◆ AIM OF THE EXERCISE
An exact copy of the line containing "ตอนนี้คือออกจา" and of every line after it, through the last line of the material, is what should be returned.

◆ COLLECTED MATERIAL
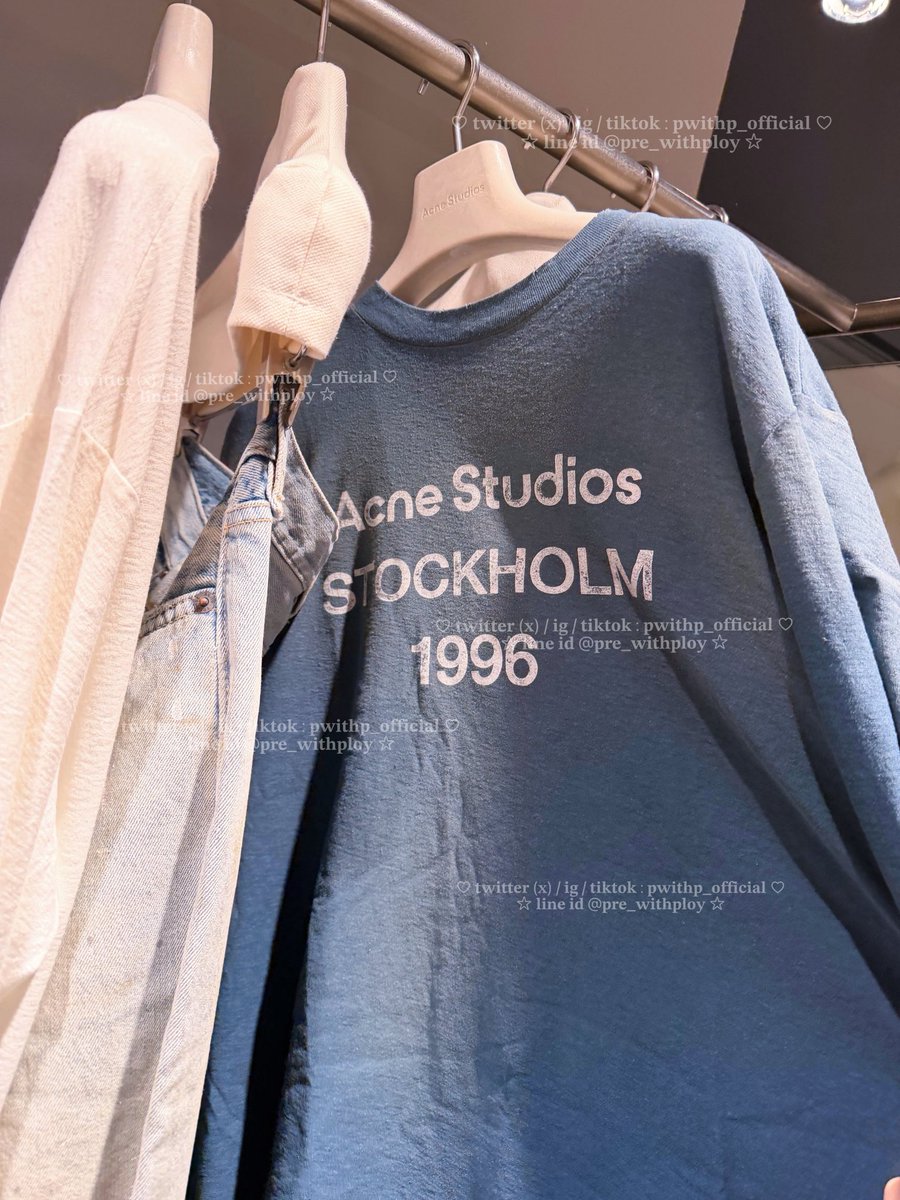 pwithp_official's tweet image. 🥺 ต้องการพันธมิตรช่วยซื้อ Acne Studios มาก
ตอนนี้คือออกจากสาขานี้ไปสาขาโน้น จากนู้นมานี่
ทีม #prewithploy สนุกกันมาก แล้ว size คือแอบ งง บอก unisex แต่แยก ช-ญ 55 แต่จริงๆก็ unisex นะค้า ถ้าลูกค้าไม่ชัวร์ size สามารถทักปรึกษากับแอดมินได้อีกทีนะคะเราจะช่วยกันค้นหา size ที่ใช่!👐🏻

◆ OUTPUT FOR THIS EXERCISE
ตอนนี้คือออกจากสาขานี้ไปสาขาโน้น จากนู้นมานี่
ทีม #prewithploy สนุกกันมาก แล้ว size คือแอบ งง บอก unisex แต่แยก ช-ญ 55 แต่จริงๆก็ unisex นะค้า ถ้าลูกค้าไม่ชัวร์ size สามารถทักปรึกษากับแอดมินได้อีกทีนะคะเราจะช่วยกันค้นหา size ที่ใช่!👐🏻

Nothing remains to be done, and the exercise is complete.